In dem (fast) nicht genannten Dorf, in dem die meisten Kapitel spielen, ist meine Partnerin aufgewachsen. Die Kapitel, die sich mit den Fussballsammelbildern zur WM in Argentinien beschäftigen, und die Episode mit dem geklauten RAF-Fahndungsplakat sind dokumentarisch. Das ist der Auslöser gewesen für den Roman. Und die Geographie, die Geschichte und die Leute der Gegend hab ich natürlich sehr ernst genommen. Aber Sie haben Recht, ich bin damals nicht viel älter gewesen als die beiden Protagonistinnen. Vieles im Binnenleben der Familie Klein stammt also aus meinem eigenen Aufwachsen, aus der Erinnerung an meine Jugend in Köln, an meine Familie. Politisch, denke ich, waren sich viele Dialoge jener Zeit sehr ähnlich. Das konnte schon mal so wirken wie eine Fortsetzung der Moderationen des ZDF-Magazins unter Gerhard Löwenthal.
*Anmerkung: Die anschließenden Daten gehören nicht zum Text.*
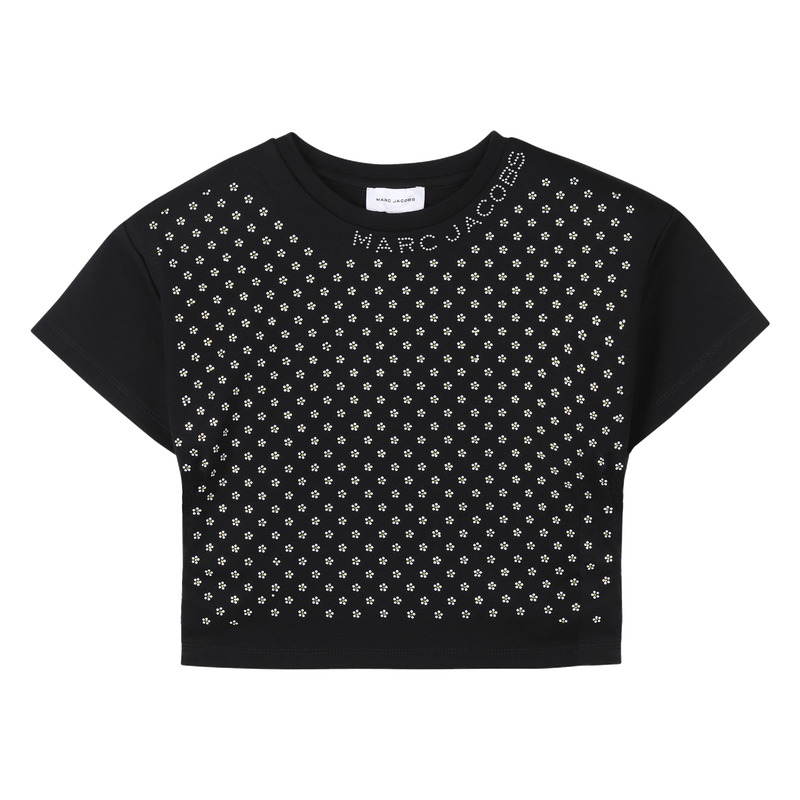 Cotton top with diamant&eacute;s MARC JACOBS 
                        GIRL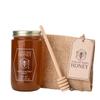 100% Authentic, USA - Made Raw Unfiltered Gourmet Honey Gift Set with Dipper by Pure Southern Honey [ 1 lb] - Unheated - Non - GMO, No Additives, All - Natural Sweetener- Environmental-Friendly Glass Jar view 1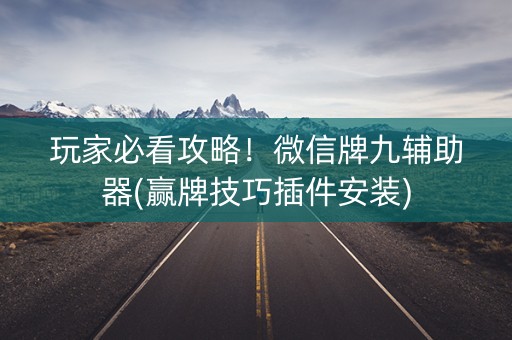 玩家必看攻略！微信牌九辅助器(赢牌技巧插件安装)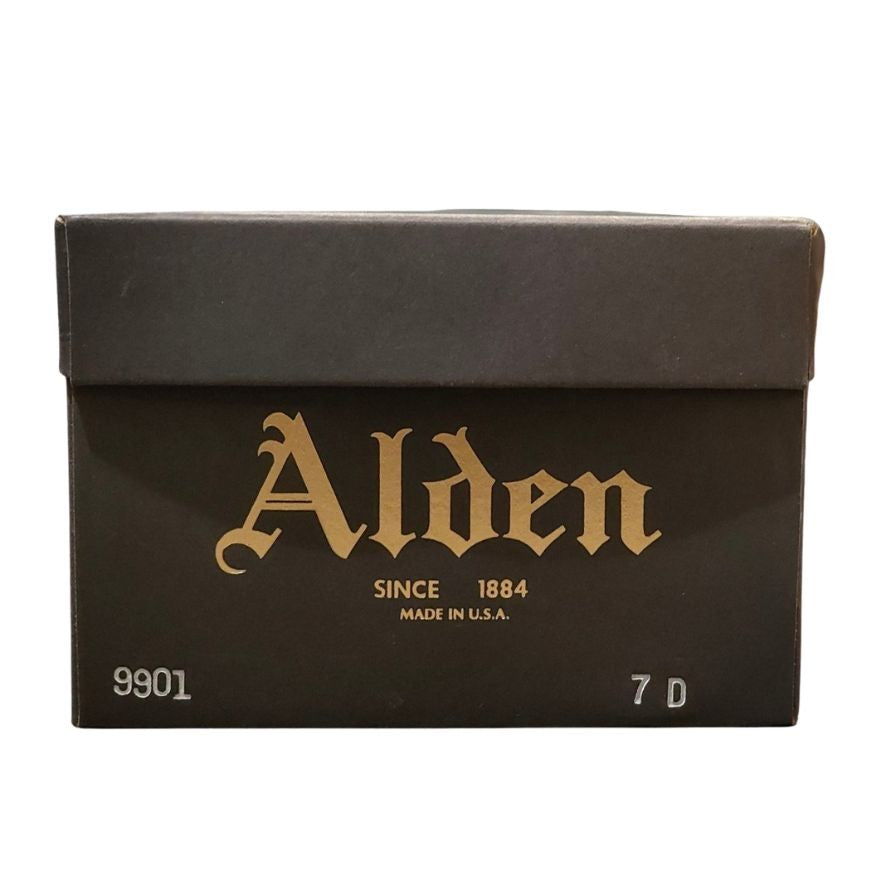 オールデン レザーシューズ プレーントゥ コードバン 9901 ブラック サイズUS7D Alden  約cm【LA】【中古】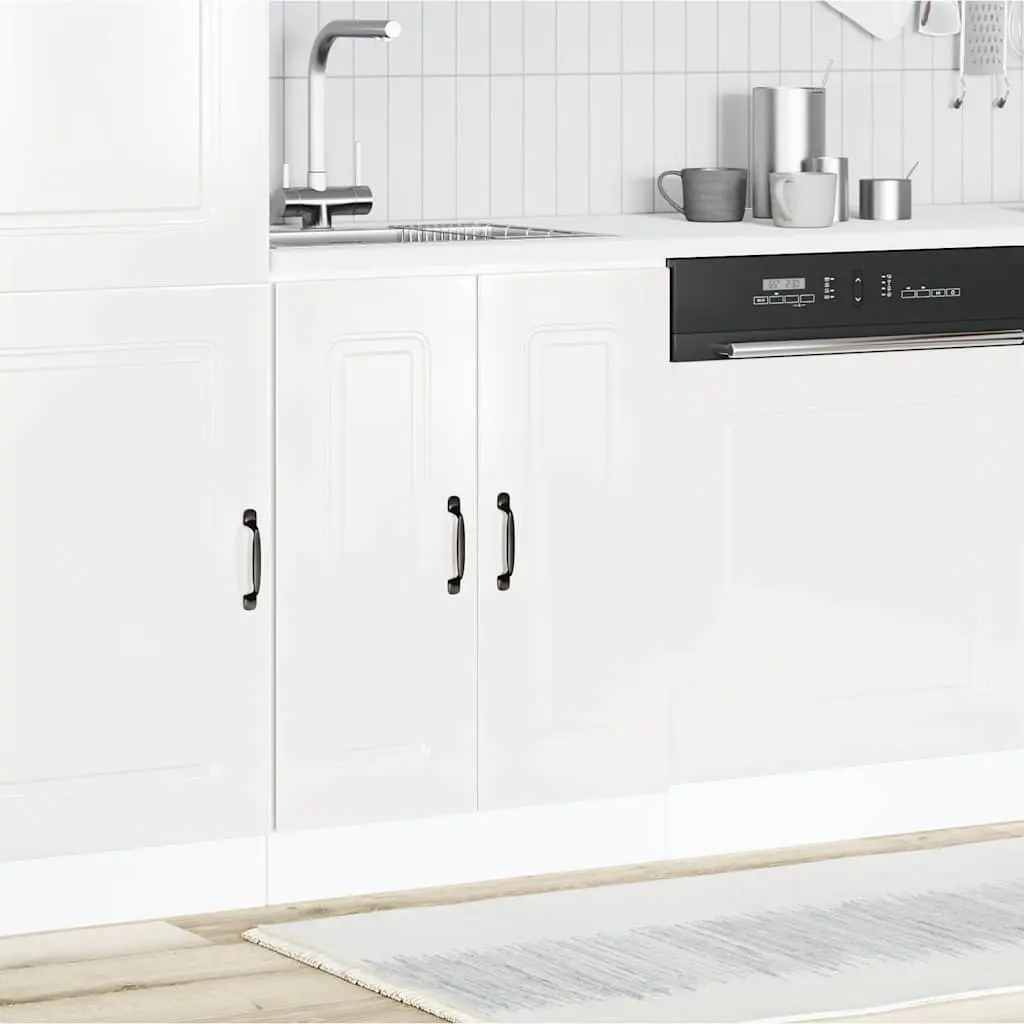 White Kitchen Sink Base Cabinet 60x46x81.5cm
Sie bauen ein ganzes Dorf. Ein paar alt eingesessene Bauernfamilien, gescheiterte und gestandene, Zugezogene, Verschrobene, Verschlossene, Verrückte, Versteckte, ein Polizist, ein paar Grenzer und mittendrin zwei Mädchen. Sie erzählen aus allen möglichen Perspektiven. Wie bauen sie eine solche Geschichte? Wächst das nach und nach oder folgt die Geschichte einem Plan?
Tastend. Oder: Sowohl als auch. Ich baue eine solche Geschichte langsam und schreibend. So wie jeder neue Roman ein neues Vorgehen und einen neuen Plan braucht, so gibt es sicher Gemeinsamkeiten hinter den individuellen Plänen. Ein ganz und gar durchgeplotteter Roman, der alle Kapitel schon kennt, erscheint mir für den Schreibprozess nicht interessant. Ich muss mich mit den Figuren suchend im Terrain bewegen, mit ihnen im Dialog stehen. Vor allem mit den wichtigsten Figuren. Aber es gibt stets auch andere Fixpunkte. Bei «Der Hochsitz» war vom Beginn des Schreibens an klar, dass ich mich auf diesen doppelten Showdown zu bewegen würde.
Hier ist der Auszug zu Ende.